**TASK BRIEF**
In the copy, keep every line below as it is and leave out the pictures.

───── DATA BLOCK ─────

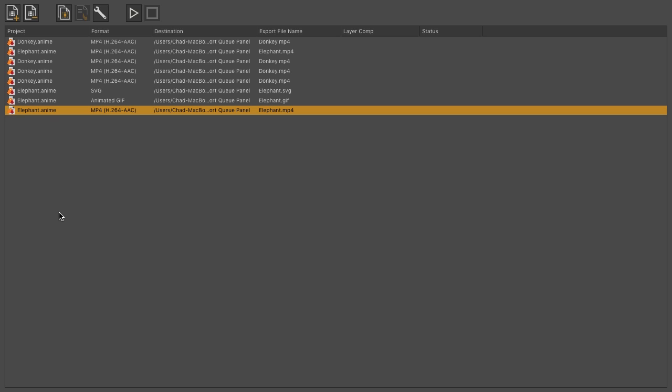Once you're ready to export your files, come up here and click the Start button. It looks like a Play button. And you'll start seeing the status on the right. It'll go through your list and export out each item as they appear from top to bottom.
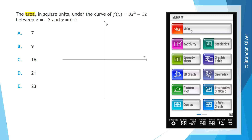The area measured in square units under the curve of f(x) = 3x² - 12 between x = -3 and x = 0 is given by one of the following.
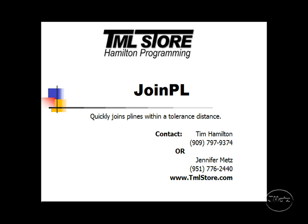Hi, my name is Jennifer Metz. I will be demonstrating the JoinPL TML from the TML store. The JoinPL command is a clever tool used to quickly join p-lines if the p-lines end within a specified distance.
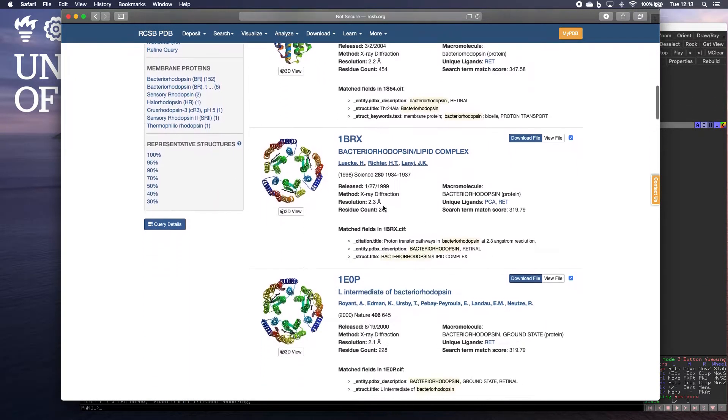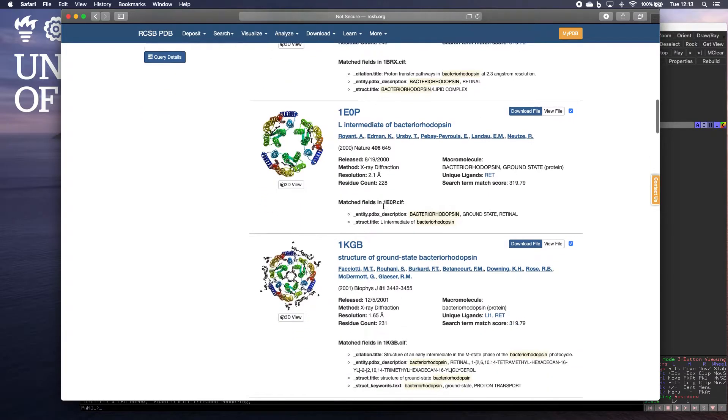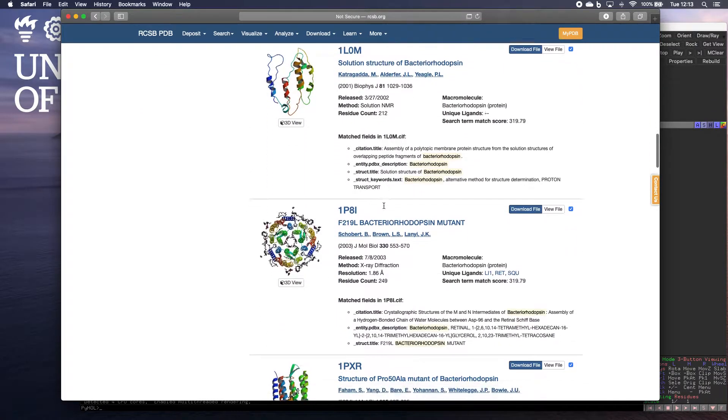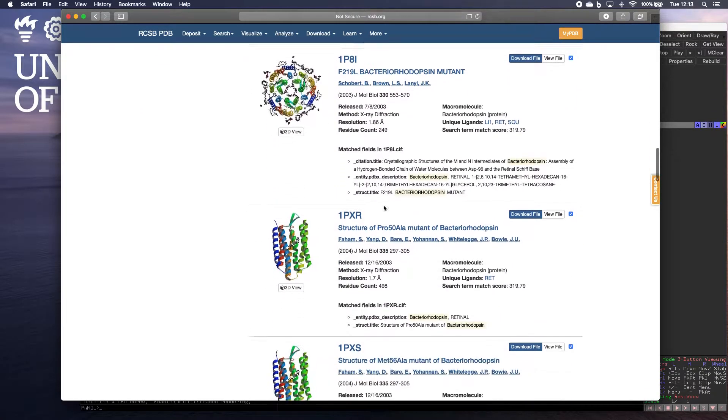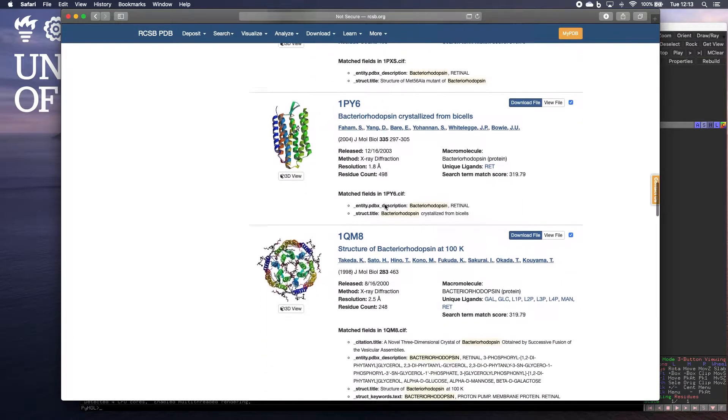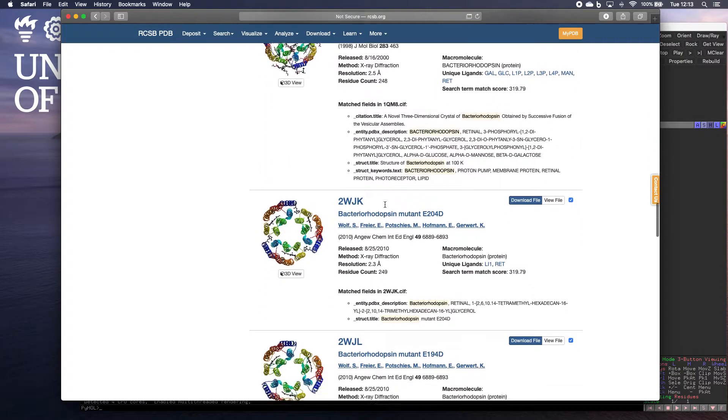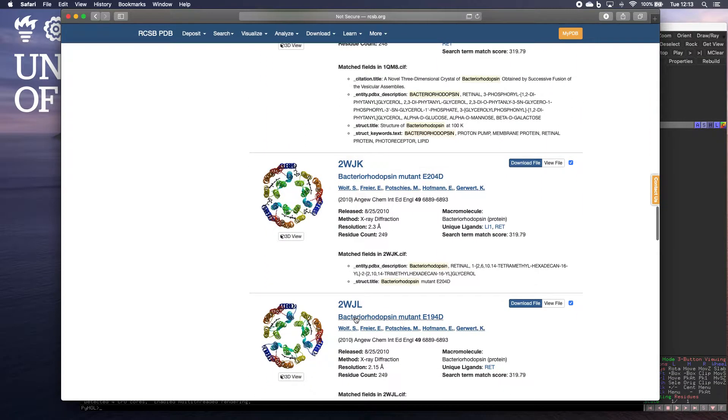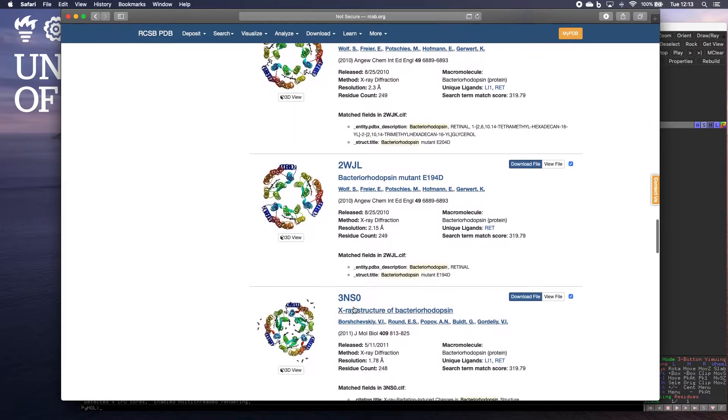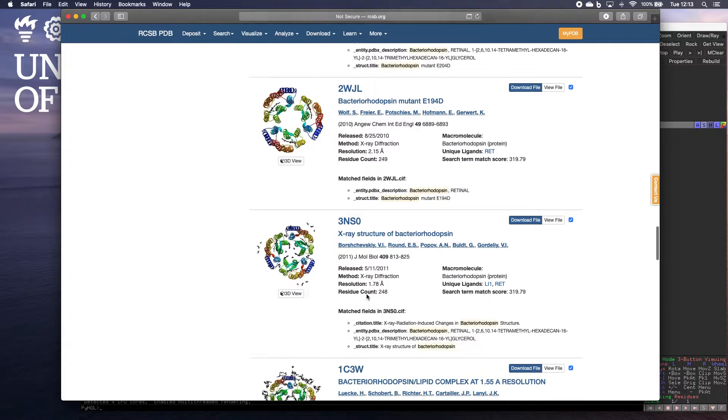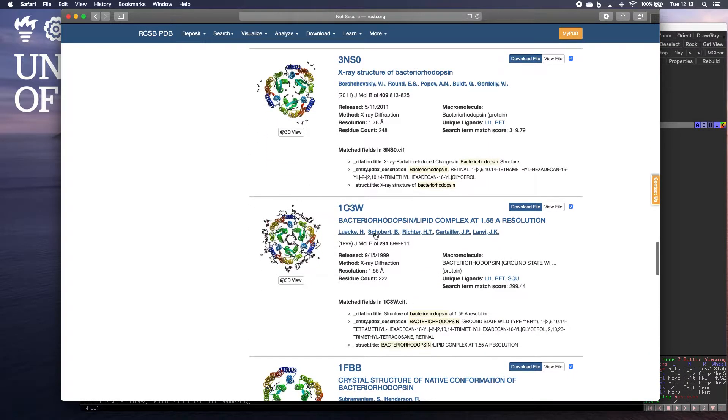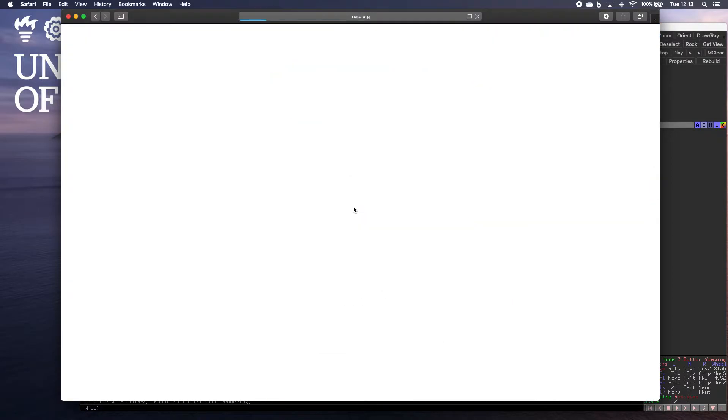And once again, we've got a whole host of different structures. Now all these structures, they all have numbers associated with them. And these are unique numbers associated with that particular structure. And we're going to take a look at this one here, 1C3W.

─────

**FINISHED TASK**
Once you're ready to export your files, come up here and click the Start button. It looks like a Play button. And you'll start seeing the status on the right. It'll go through your list and export out each item as they appear from top to bottom.
The area measured in square units under the curve of f(x) = 3x² - 12 between x = -3 and x = 0 is given by one of the following.
Hi, my name is Jennifer Metz. I will be demonstrating the JoinPL TML from the TML store. The JoinPL command is a clever tool used to quickly join p-lines if the p-lines end within a specified distance.
And once again, we've got a whole host of different structures. Now all these structures, they all have numbers associated with them. And these are unique numbers associated with that particular structure. And we're going to take a look at this one here, 1C3W.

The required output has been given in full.